__WHAT NEEDS TO BE DONE__
Please transcribe exactly the lines from the one containing "Kenya: dans les" through the end of the records below, both included, and nothing else.

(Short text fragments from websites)
<<<<
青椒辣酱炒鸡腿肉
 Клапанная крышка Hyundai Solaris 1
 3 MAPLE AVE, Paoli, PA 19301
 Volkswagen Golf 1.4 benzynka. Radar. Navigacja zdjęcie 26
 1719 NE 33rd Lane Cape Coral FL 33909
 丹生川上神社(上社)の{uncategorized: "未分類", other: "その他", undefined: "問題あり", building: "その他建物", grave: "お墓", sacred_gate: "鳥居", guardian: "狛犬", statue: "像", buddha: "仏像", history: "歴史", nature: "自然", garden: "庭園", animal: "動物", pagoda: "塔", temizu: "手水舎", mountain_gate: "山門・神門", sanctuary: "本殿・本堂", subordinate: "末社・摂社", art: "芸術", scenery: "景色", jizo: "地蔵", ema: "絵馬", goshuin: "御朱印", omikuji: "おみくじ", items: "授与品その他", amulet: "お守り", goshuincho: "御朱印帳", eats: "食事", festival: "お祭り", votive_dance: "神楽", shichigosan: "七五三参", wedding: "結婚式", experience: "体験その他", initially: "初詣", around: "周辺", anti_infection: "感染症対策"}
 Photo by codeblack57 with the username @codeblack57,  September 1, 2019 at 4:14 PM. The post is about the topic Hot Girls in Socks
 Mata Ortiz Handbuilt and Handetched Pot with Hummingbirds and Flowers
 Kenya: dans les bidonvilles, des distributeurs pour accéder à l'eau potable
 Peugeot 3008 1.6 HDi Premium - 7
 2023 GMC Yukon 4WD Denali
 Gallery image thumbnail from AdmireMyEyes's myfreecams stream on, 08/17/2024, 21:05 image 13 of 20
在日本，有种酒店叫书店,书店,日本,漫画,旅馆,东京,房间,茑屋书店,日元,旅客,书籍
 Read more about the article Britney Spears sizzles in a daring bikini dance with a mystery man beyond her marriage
>>>>
__ANSWER TO THE EXERCISE__
 Kenya: dans les bidonvilles, des distributeurs pour accéder à l'eau potable
 Peugeot 3008 1.6 HDi Premium - 7
 2023 GMC Yukon 4WD Denali
 Gallery image thumbnail from AdmireMyEyes's myfreecams stream on, 08/17/2024, 21:05 image 13 of 20
在日本，有种酒店叫书店,书店,日本,漫画,旅馆,东京,房间,茑屋书店,日元,旅客,书籍
 Read more about the article Britney Spears sizzles in a daring bikini dance with a mystery man beyond her marriage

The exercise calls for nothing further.